Inspired by the Edgar Allen Poe tale, this black cat is a malevolent moggy that stalks through a sleepy English town appearing to fulfil the murderous wishes of its owner, the sinister psychic medium Professor Miles (Patrick Magee in fine deranged form). What Professor Miles has not reckoned on is his cat turning him into the next mouse to slowly kill!

High on gothic atmospheric thanks to the moody cinematography of Sergio Salvati, this unusual Fulci tale of claustrophobic terror is a little seen gem that compares to the best output of the Hammer and Amicus studios.Good afternoon campers.
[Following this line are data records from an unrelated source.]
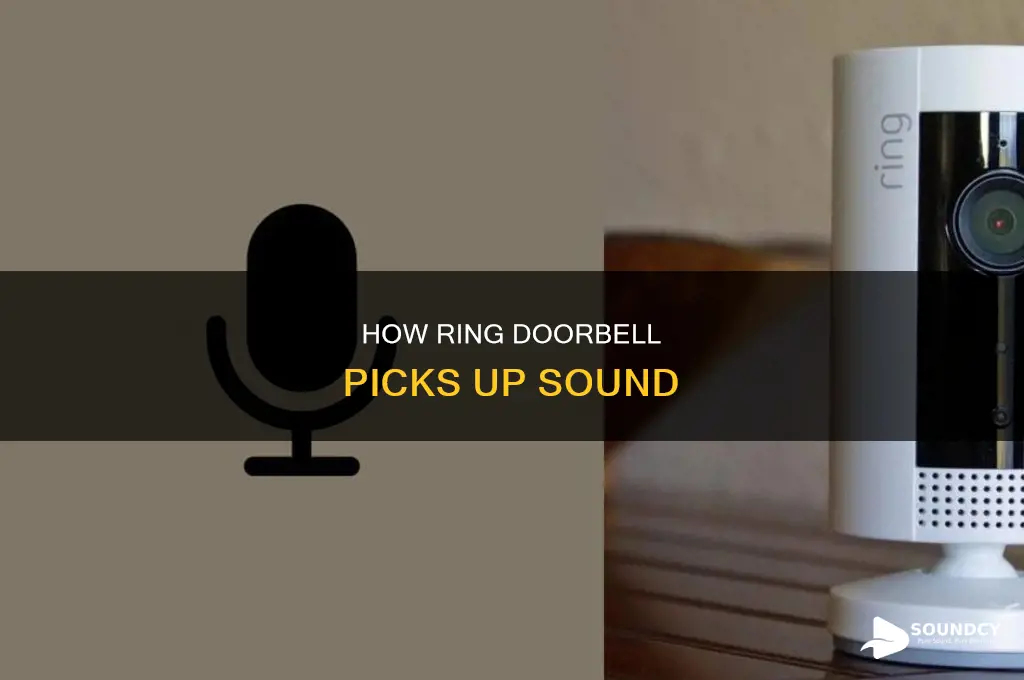 do ring doorbells pick up sound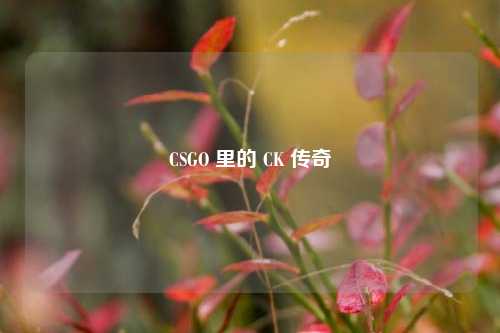 CSGO 里的 CK 传奇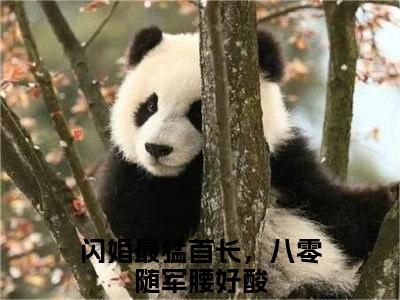 顾景明叶清桃小说（闪婚最猛首长，八零随军腰好酸）全文在线阅读无弹窗大结局顾景明叶清桃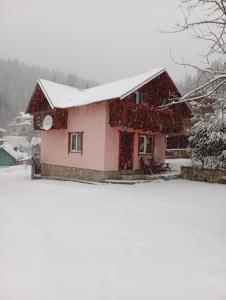 Holiday Home Melodiya Karpat
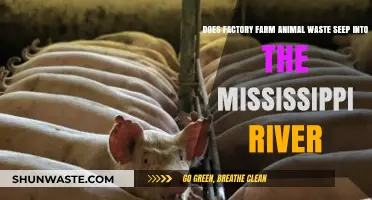 Factory Farm Waste: Mississippi River Contamination Concerns Explored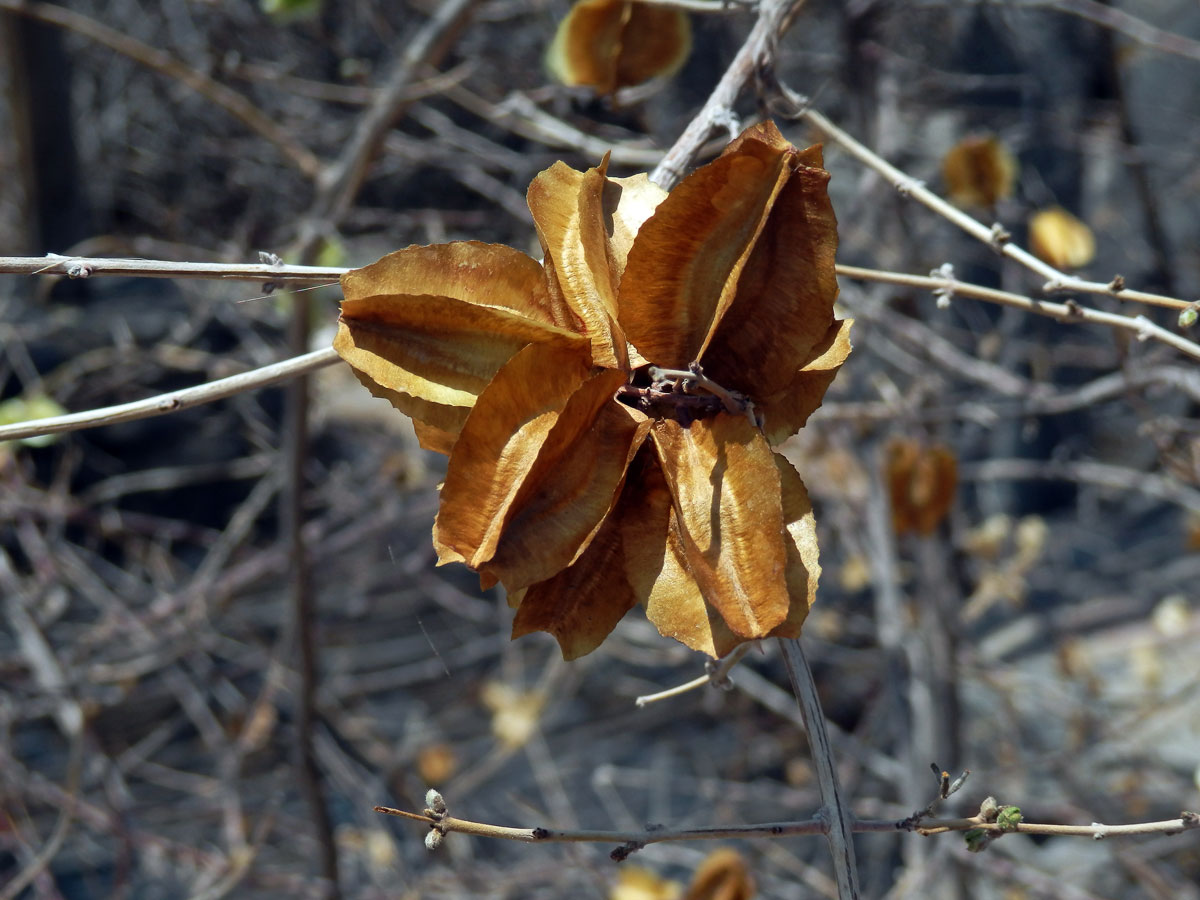 Combretum mossambicense (Klotzsch) Engl.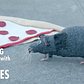 Meet the Rebels against New York's War on Rats | Going In with Brian Vines
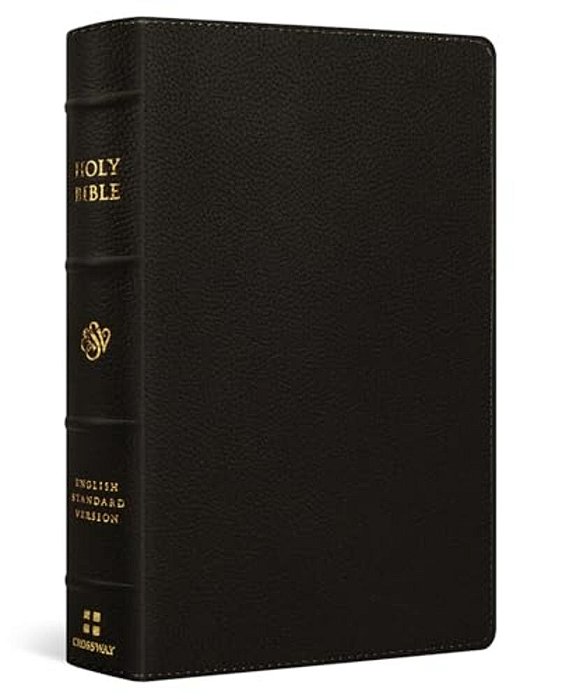 Esv Giant Print Personal Size Bible, Red Letter (Buffalo Leather, Deep Brown)-..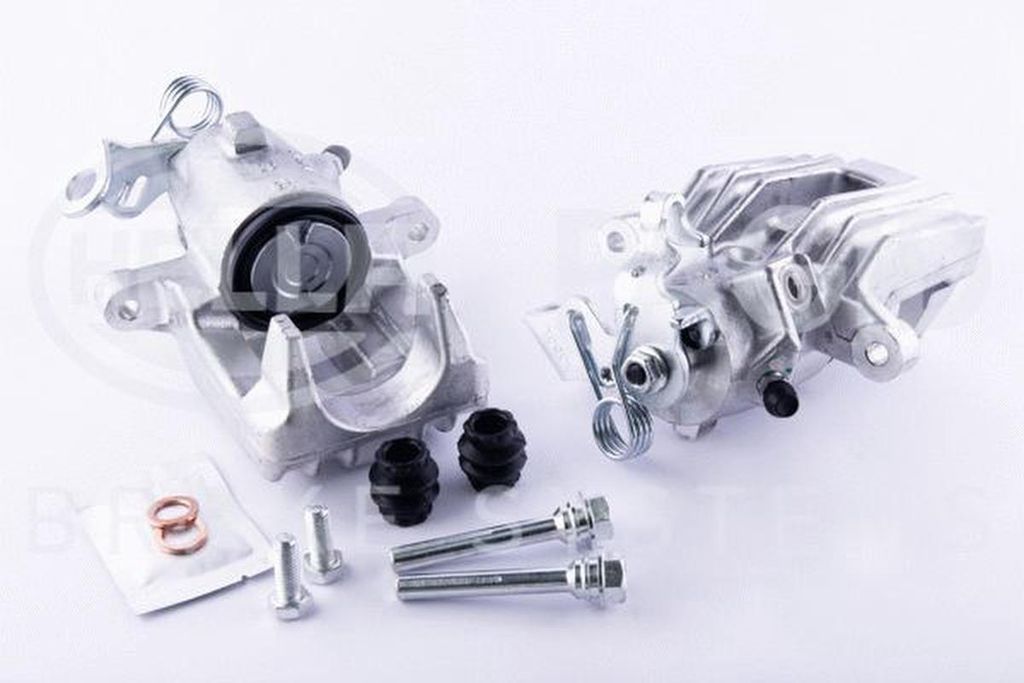 HELLA Bremssattel Hinten Links für VW Golf IV Schrägheck (1J1) 8AN 355 784-591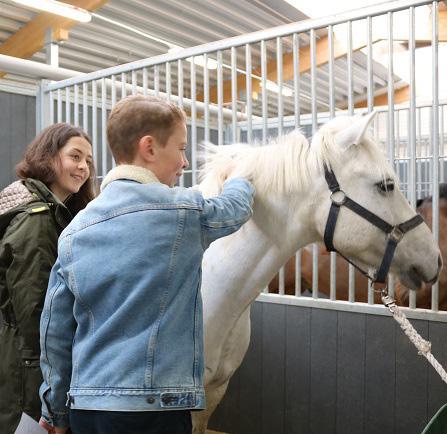 UTBILDNING I HÄSTHÅLLNING Clinic - Hur dömer domaren?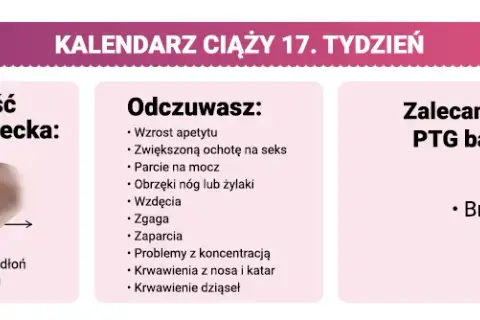 17 tydzień ciąży – jak duża jest wysokość dziecka i co to oznacza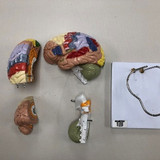 cerebro humano con codigo de color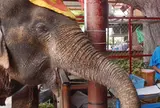 アユタヤ・エレファント・キャンプ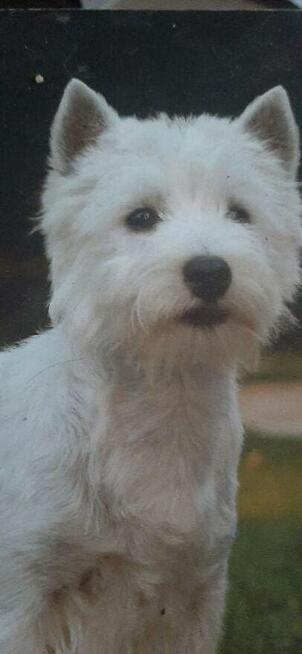 West Highland White Terrier FCI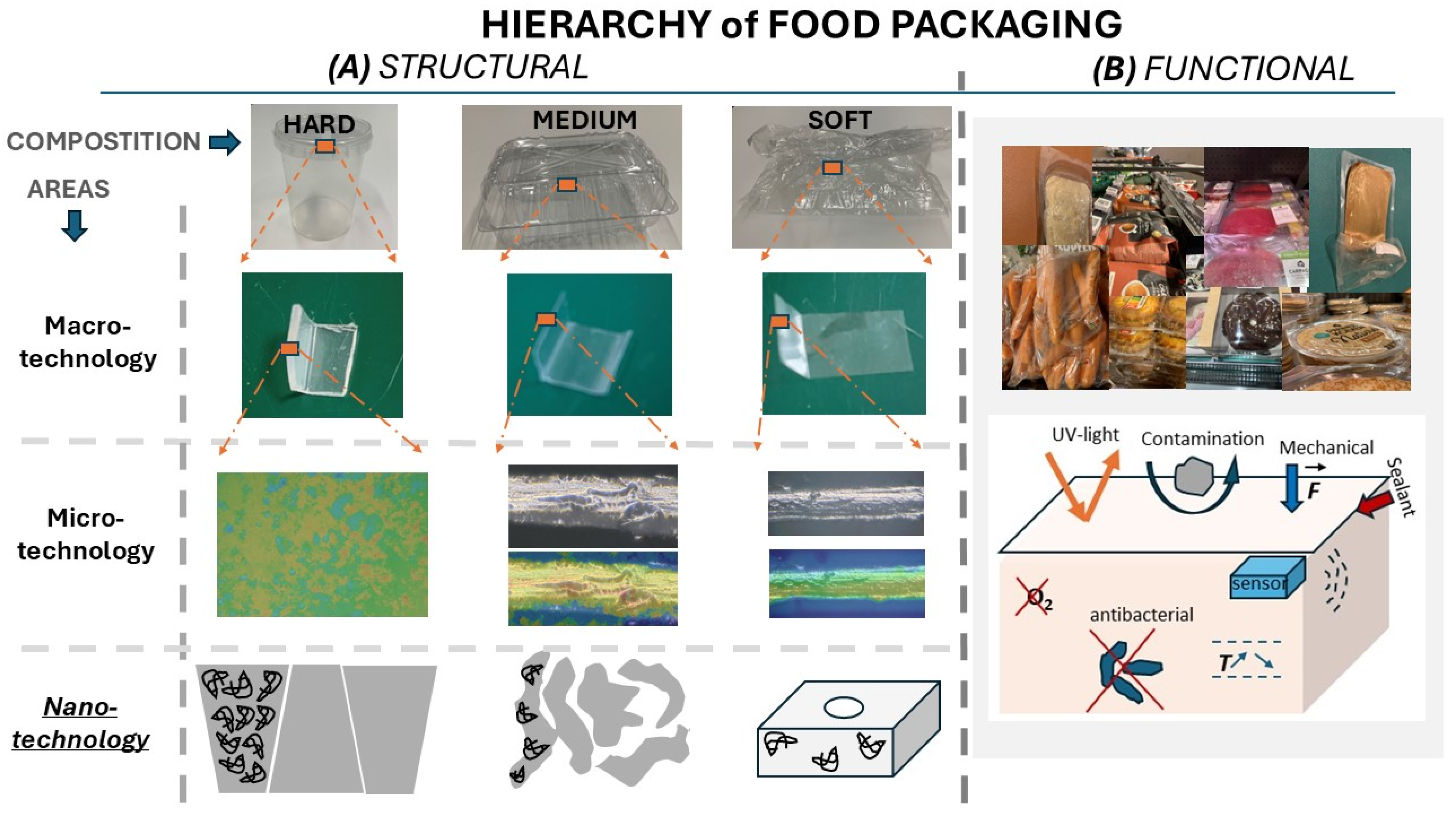Materials 18 01167 g001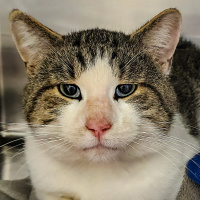 Furry Friday - Howard - 12-17-2021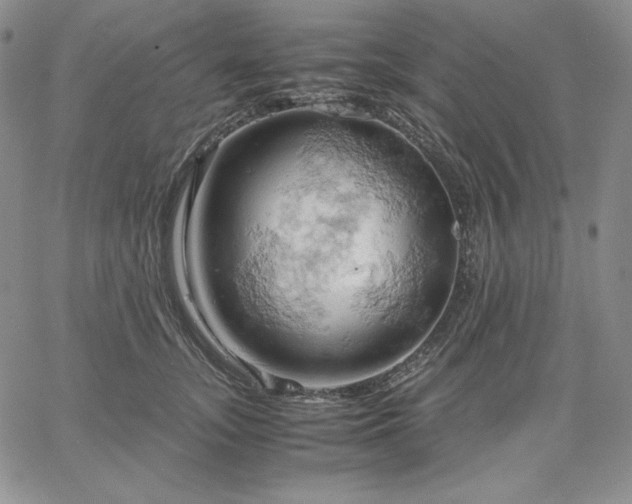 X0000061740755200512091610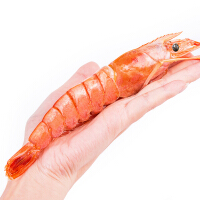 进口海鲜红虾年货
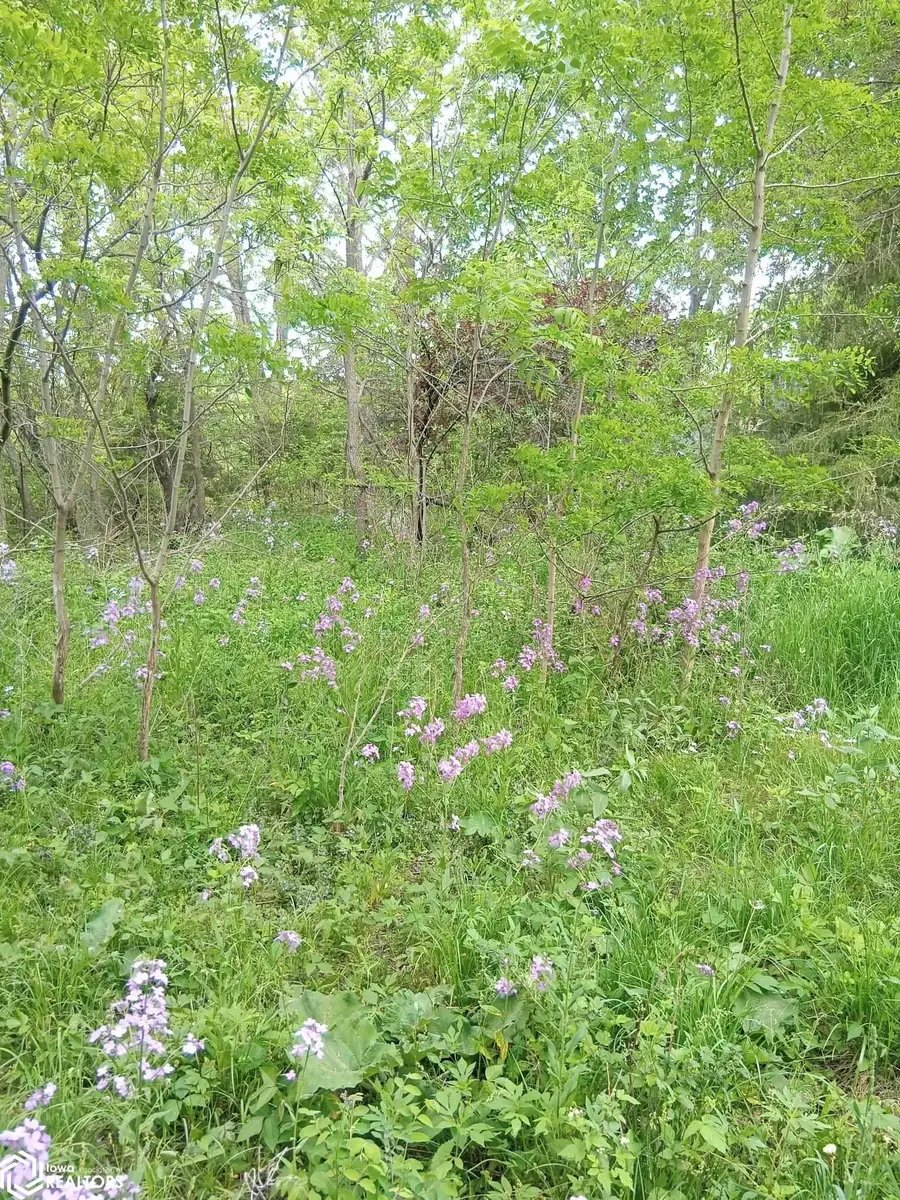 206 N 6th Street, Mystic, IA 52574 - Image #3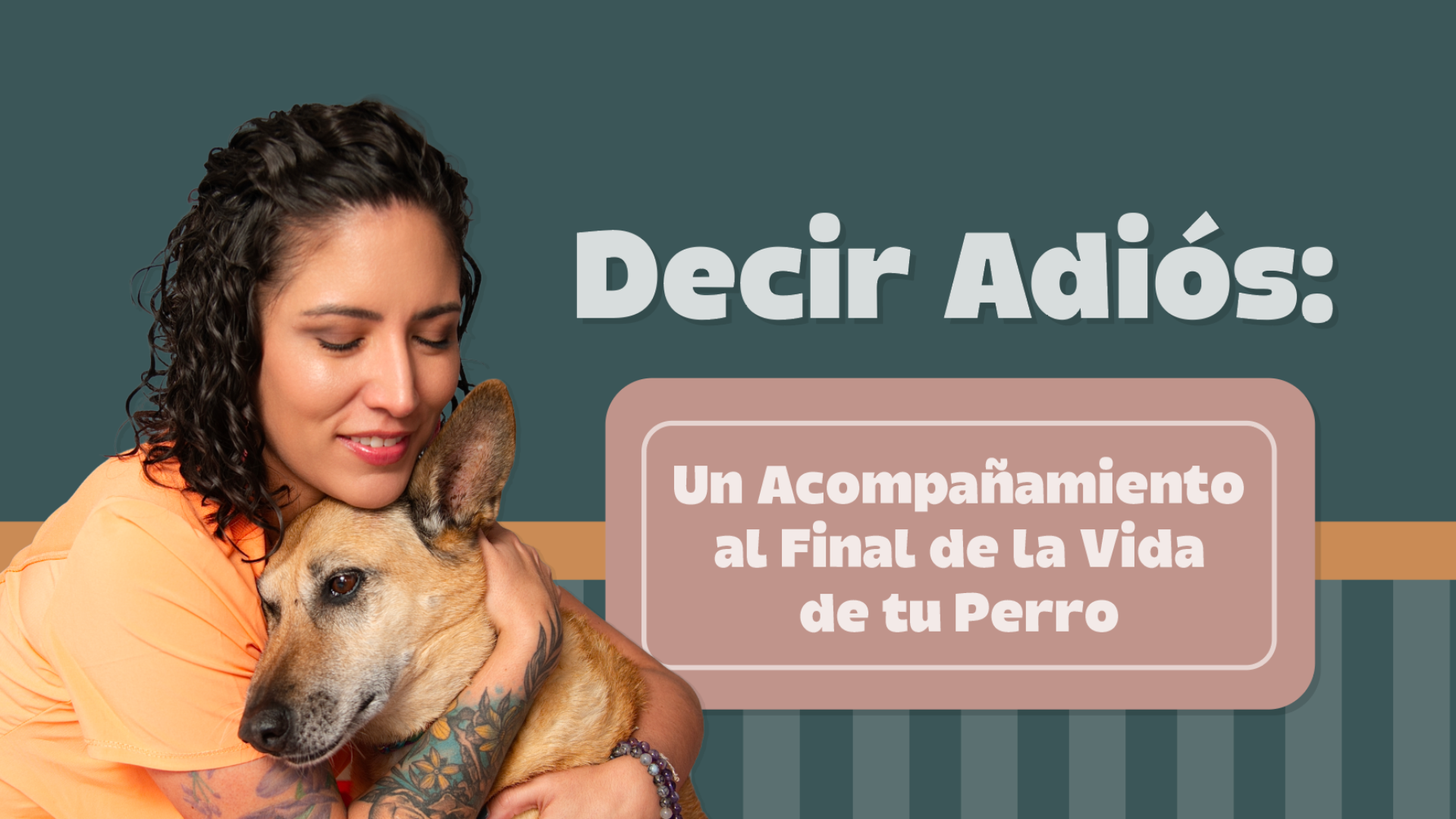 Decir Adiós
Almar from Shameless has graciously donated us a copy of Fulci's classic Poe adaptation, THE BLACK CAT – the story of a man stalked by his mischievous feline friend. To win it, just tell us your weirdest (none of that, you filthy fuckers) or funniest story involving an animal. Best one wins...

Shameless Website (http://shameless-films.com/)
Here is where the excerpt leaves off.